Over at The Argentina Independent, Joey Rubin has an article about five “exciting new Argentine novels” that have recently been translated into English.
As a huge fan of Southern Cone literature, the fact that there’s quality contemporary works coming out of that area isn’t that surprising, but it is almost shocking to realize just how many great Argentine books are being published in the States . . . Here are the five titles that Joey focused on, with short clips from his descriptions:
Friends of Mine by Ángela Pradelli: Called ‘Friends of Mine’, and also translated by [Andrea] Labinger, the novel tells the story of a group of women living in the Buenos Aires province, who meet once a year on 30th December to eat dinner, celebrate the New Year, and reflect on the strange, difficult and wonderful passage of time. Structured in short, lucid fragments, the novel reads like a coming-of-age tale for a group of friends, a neighborhood, and an era of life in middle-class Argentina that has as much resonance today (and outside of Spanish) as it did when it was first published in 2002 and was awarded the Premio Emecé. [. . .]

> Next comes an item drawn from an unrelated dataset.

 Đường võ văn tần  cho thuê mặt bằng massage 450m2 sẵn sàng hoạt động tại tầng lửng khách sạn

The Islands by Carlos Gamerro: Like the spiralling narrator of ‘Bad Burgers,’ the protagonist of ‘The Islands’ chases his own trauma down a rabbit hole when he discovers that, despite the passage of ten years, the Falklands/Malvinas War is still raging — a reality he’s not quite ready to confront. [. . .]
Traveller of the Century by Andrés Neuman: Neuman, who has written poetry (‘No sé por qué’), short story (‘Alumbramiento’) and travelogue (‘Cómo viajar sin ver’), created in ‘Traveller of the Century’ a novel that is at once contemporary and historical: set in Restoration-era Germany, it discusses sexual mores and intellectual disputes in a distinctly modern way. Praise from writers like Roberto Bolaño long ago boosted his reputation in the Spanish-speaking world, but more than acclaim or ambition, it’s the clarity and grace of Neuman’s prose that has earned him high standing among fans. [. . .]
The Planets by Sergio Chejfec: First published in Spanish in 1999, ‘The Planets’ was written during the fifteen-year period when Chejfec lived in Venezuela, a temporal and cultural dislocation important to the text. As ‘My Two Worlds’ used ambulatory reflection, ‘The Planets’ uses the act of remembering to elevate a simple story into an elegant register. It’s a mode of literature difficult to master, but worthy of celebration when done right. [. . .]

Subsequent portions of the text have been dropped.